BIMCO has expressed concern by the recent revelations indicating that the explosion on board the supertanker Limburg was caused by an act of terrorism, the first attack on an innocent merchant vessel since the Achille Lauro incident in 1985. The French tanker, owned by BIMCO members CMB, was en route to Yemen when she was apparently rammed by a motorboat packed with explosives in a way similar to the attack on the US naval ship Cole at Aden on October 12, 2000. The Limburg incident illustrates well the dire consequences created by acts of terrorism, placing the lives of seafarers in grave danger with fatal consequences, causing severe material damage and, not least, causing significant environmental harm.
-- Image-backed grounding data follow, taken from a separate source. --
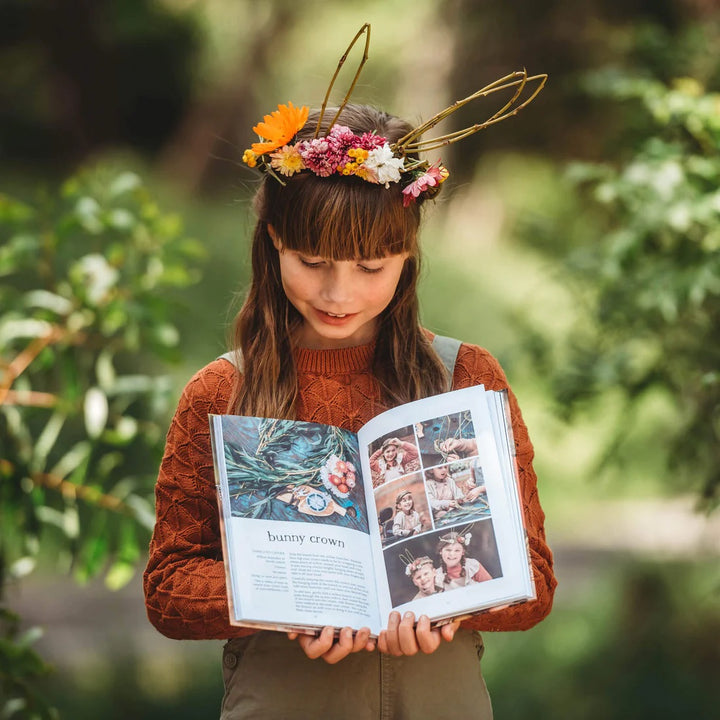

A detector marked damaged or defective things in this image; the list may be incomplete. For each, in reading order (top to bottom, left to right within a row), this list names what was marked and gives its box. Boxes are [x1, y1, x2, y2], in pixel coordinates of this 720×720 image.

rust knit sweater [142, 340, 556, 640] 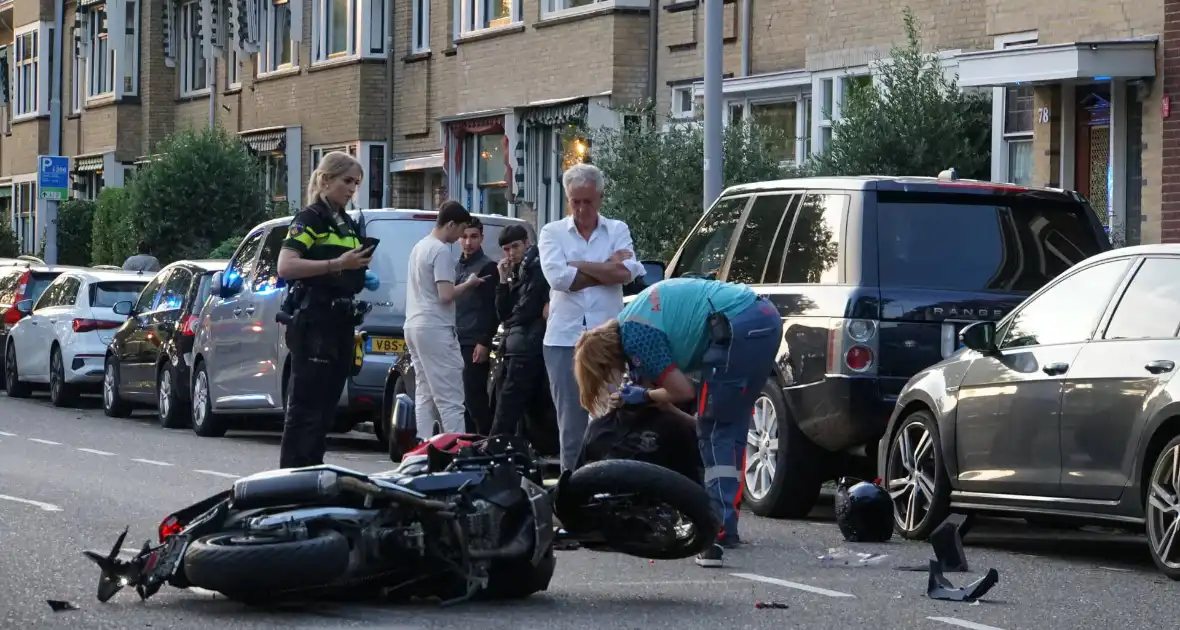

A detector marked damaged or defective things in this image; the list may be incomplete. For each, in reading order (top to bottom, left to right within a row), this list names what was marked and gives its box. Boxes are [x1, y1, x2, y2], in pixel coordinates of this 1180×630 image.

broken plastic fragment [816, 547, 887, 568]
broken plastic fragment [925, 561, 1000, 604] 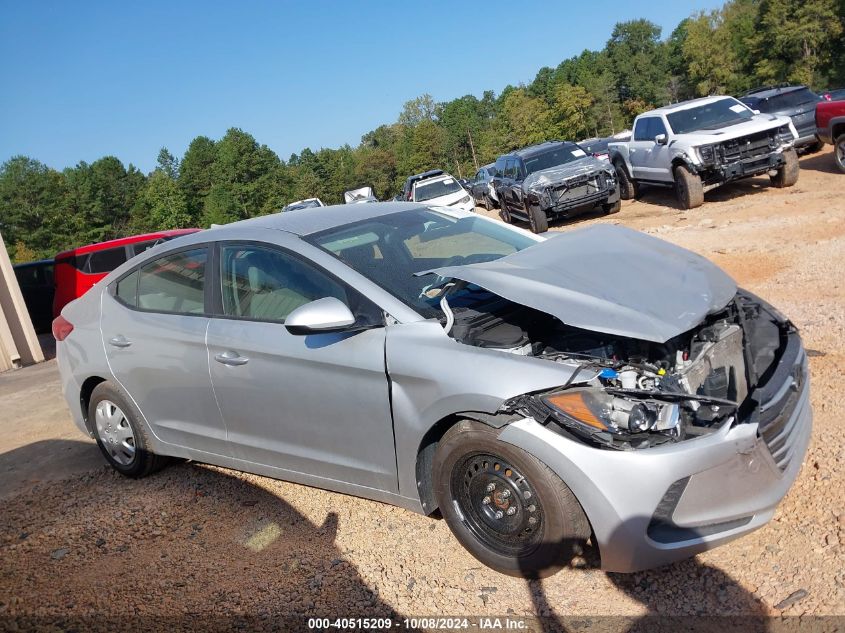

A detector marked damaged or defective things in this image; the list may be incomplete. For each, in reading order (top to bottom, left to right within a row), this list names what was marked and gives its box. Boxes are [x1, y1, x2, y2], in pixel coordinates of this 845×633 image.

damaged car in background [492, 139, 624, 233]
crumpled hood [520, 156, 608, 193]
damaged grille [548, 172, 608, 209]
damaged grille [720, 128, 780, 162]
crumpled hood [426, 225, 736, 344]
damaged car in background [56, 202, 808, 576]
damaged grille [760, 362, 804, 472] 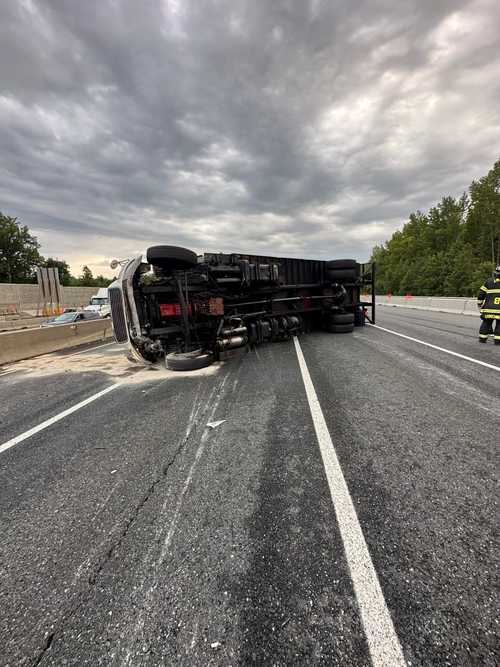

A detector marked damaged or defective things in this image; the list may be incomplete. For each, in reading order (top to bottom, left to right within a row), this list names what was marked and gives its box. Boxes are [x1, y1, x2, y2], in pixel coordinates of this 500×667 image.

cracked asphalt [0, 310, 498, 667] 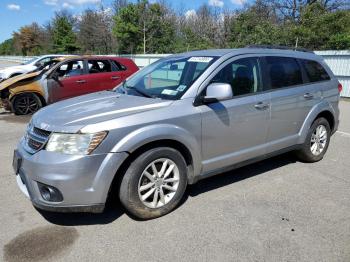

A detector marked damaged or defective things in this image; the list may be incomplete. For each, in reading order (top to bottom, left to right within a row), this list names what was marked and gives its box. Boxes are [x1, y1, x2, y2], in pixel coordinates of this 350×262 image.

damaged car hood [0, 71, 40, 90]
damaged car hood [31, 91, 172, 133] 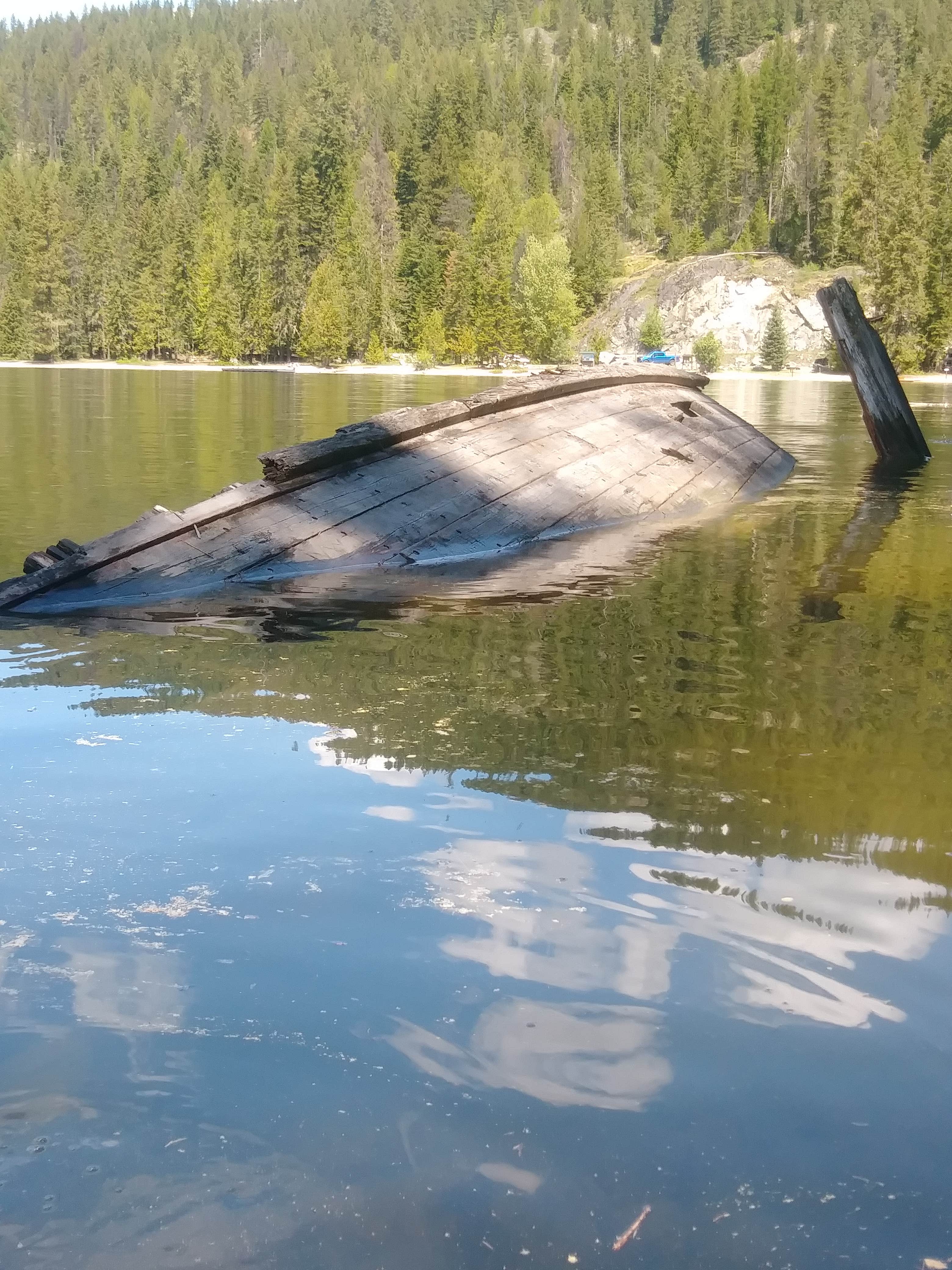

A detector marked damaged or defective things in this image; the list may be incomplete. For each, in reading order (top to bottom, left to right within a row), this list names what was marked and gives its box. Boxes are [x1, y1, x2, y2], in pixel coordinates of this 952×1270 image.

splintered wood edge [0, 368, 711, 609]
broken wooden beam [822, 278, 934, 467] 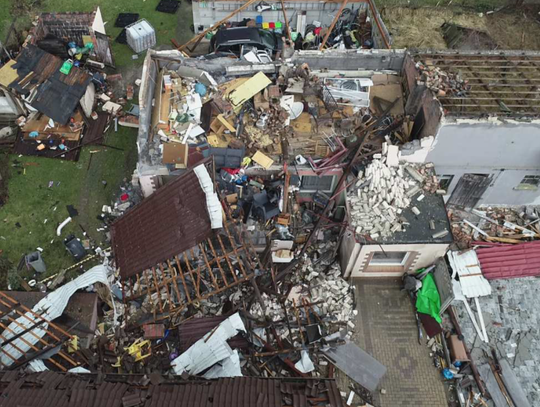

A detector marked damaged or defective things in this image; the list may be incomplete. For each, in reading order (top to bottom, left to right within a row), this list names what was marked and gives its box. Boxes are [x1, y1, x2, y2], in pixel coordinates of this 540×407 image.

broken window [302, 175, 336, 193]
broken window [436, 175, 454, 191]
broken window [516, 176, 540, 192]
broken window [372, 252, 410, 268] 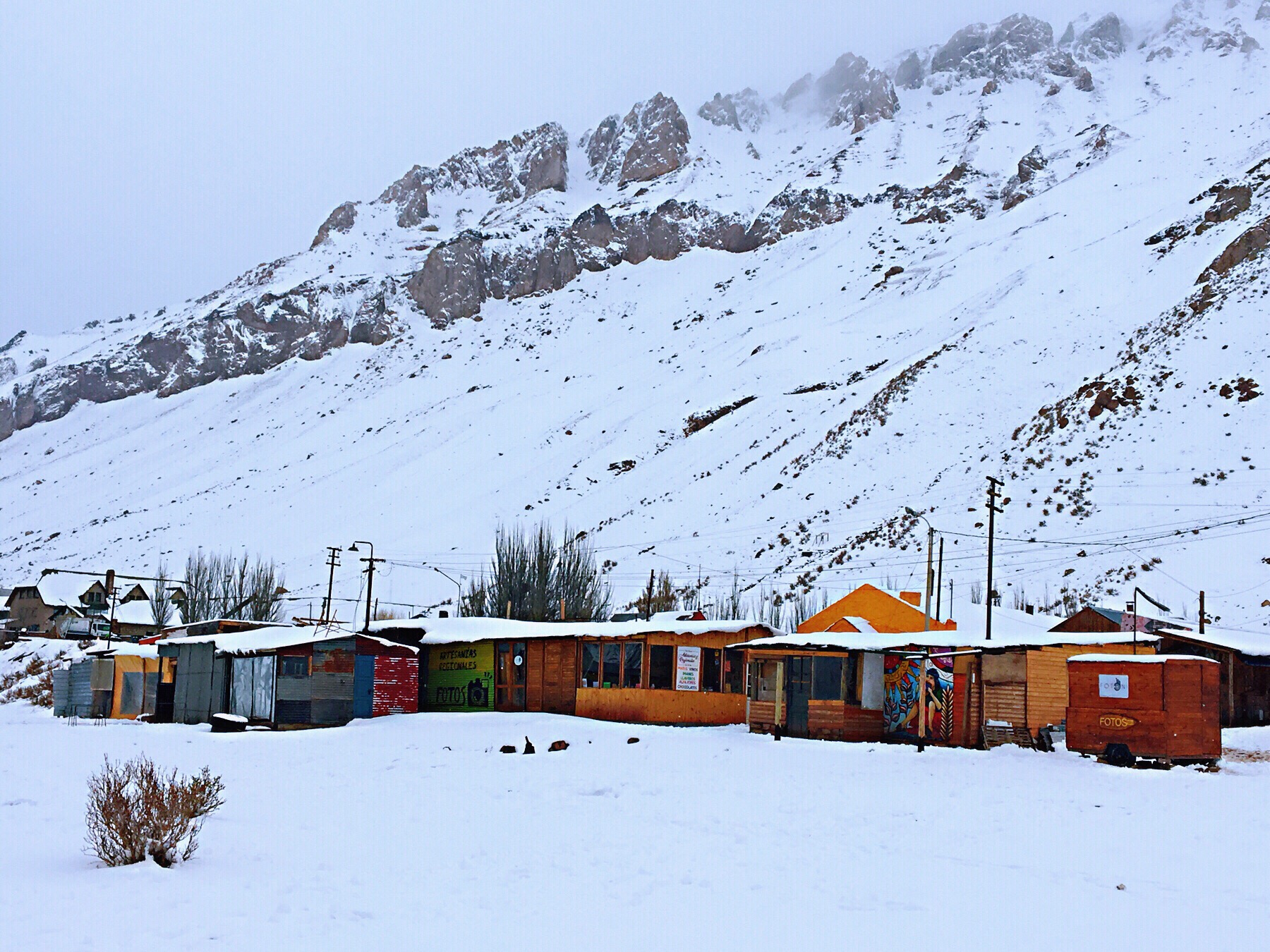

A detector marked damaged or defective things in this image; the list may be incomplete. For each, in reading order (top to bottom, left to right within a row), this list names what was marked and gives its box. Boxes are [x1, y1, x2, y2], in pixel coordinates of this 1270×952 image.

rusty metal siding [373, 660, 419, 721] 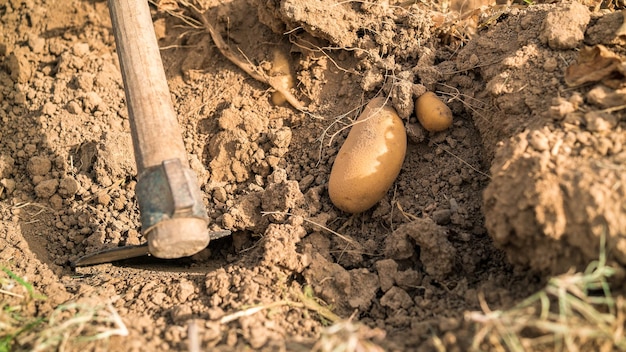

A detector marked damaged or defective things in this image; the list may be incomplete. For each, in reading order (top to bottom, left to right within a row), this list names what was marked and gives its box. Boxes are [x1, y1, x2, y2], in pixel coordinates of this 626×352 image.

rusty metal tool head [72, 0, 229, 266]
It also raises questions as to which, if any, of the maritime security initiatives now under development at the IMO and elsewhere could have helped to prevent such an attack. In the light of these revelations BIMCO is now advising its members to liase with their hull and machinery underwriters and P&I Clubs, and to evaluate the vulnerability of their ships based on their trading patterns, in order to safeguard lives and property. BIMCO regularly issues advice to its members on matters of maritime security, encompassing issues such as the prevention of drug smuggling on ships, stowaway boardings, piracy attacks (particularly off the Somali coast), and armed robbery against ships at ports and anchorages.